シャチさんは、どうということもない、普通の存在だ。もっと楽な道を選べるはずなのに、わざわざ遠回りしている頑張り屋さんが微笑ましくて、力を貸した。心情としてはそんなところなのだろうか?
「……いや、誰が頑張り屋さんだ」
私はいつも楽な道を通ってますー。別に遠回りとかしてるバカじゃないもんねーだ!
……あざます。
『シナリオ通りなら、俺がこうすることには大きな意味が籠る。きっと、戦力的にも大きく予想より跳ね上がることになるんだろうな……だが、それで良い。どうせ俺はこれでお役御免だ。後で消えるのと今消えるの、大差はないさ』
「シャチさん消えちゃうの?」
『おうよ。そりゃ、俺だってこの空間にいるわけだからな、本来ならあり得ないバグキャラみたいなもんだ。強さがバグってんじゃなくて、存在がバグってるってことだがな』
口を大きく開けながら、シャチさんは光に包まれた。黒いシャチさんにまとわりつく光が、その黒の色素を次々と消して、何もなかったことにするかの様にシャチさんを終わらせようとする。

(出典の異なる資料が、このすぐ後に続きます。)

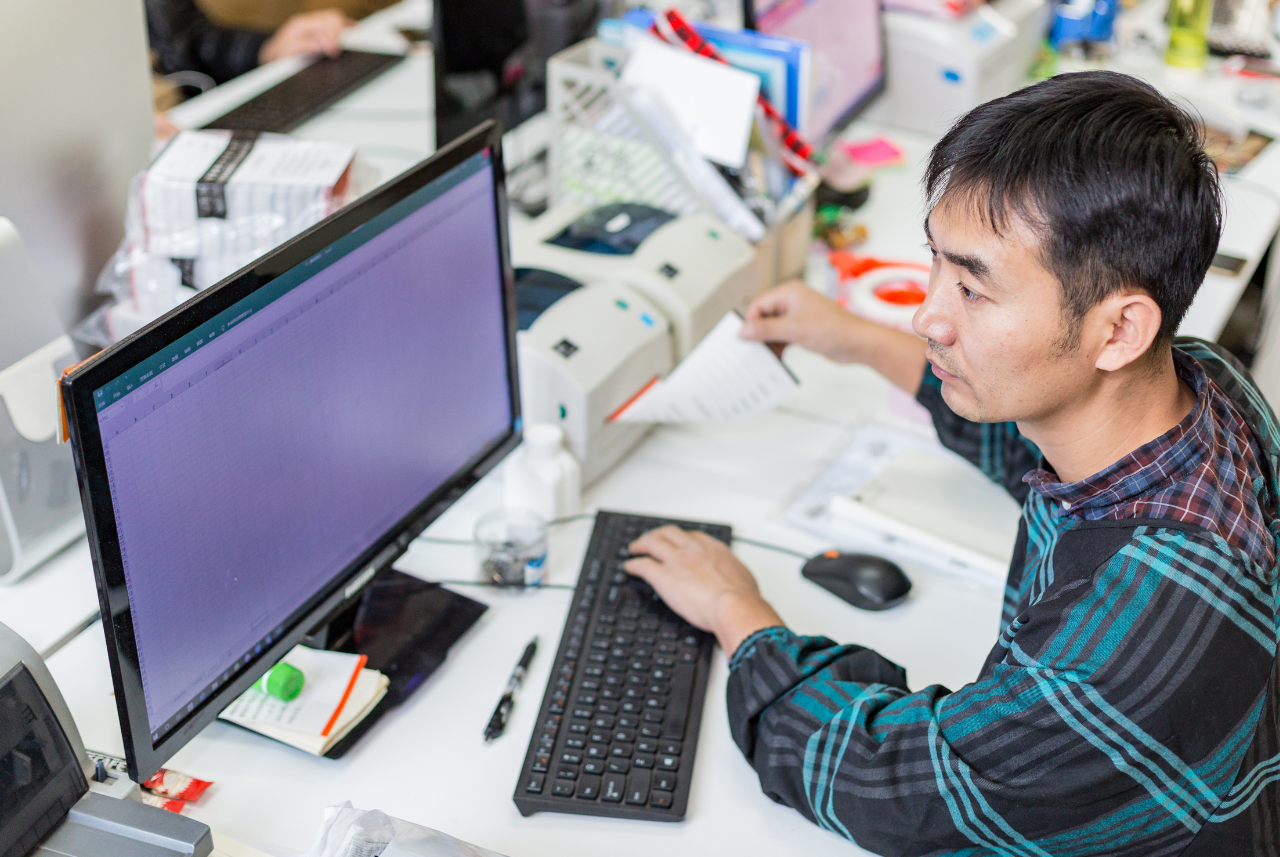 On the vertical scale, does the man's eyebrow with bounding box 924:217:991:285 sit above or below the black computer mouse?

『俺は優しいが、こんなのをしてくれるのは俺だけだ。他の奴らは十中八九、ただテメーをぶちのめしに来るだけだ。覚悟しとけよ』
それをわかっているかの様に微笑みながら(当人比)、遺言を重ねるシャチさん。それなら、きっとシャチさんとのお別れは軽い感じで終わらせた方がいいだろう。短い付き合いだけど、なんだかんだで悪い人ではなかったしね。
「……ありがとう、って言った方がいい?」
『ったりめーだろうが』
大口を開けて笑うシャチさんは、そうして呆気なく消えてしまった。後には、ポツンと聳える巨大階段と、元の道に繋がる門。
「あんまり長居しちゃダメだね。よし、次行こう次!」
ちょっぴり寂しかったのは、内緒である。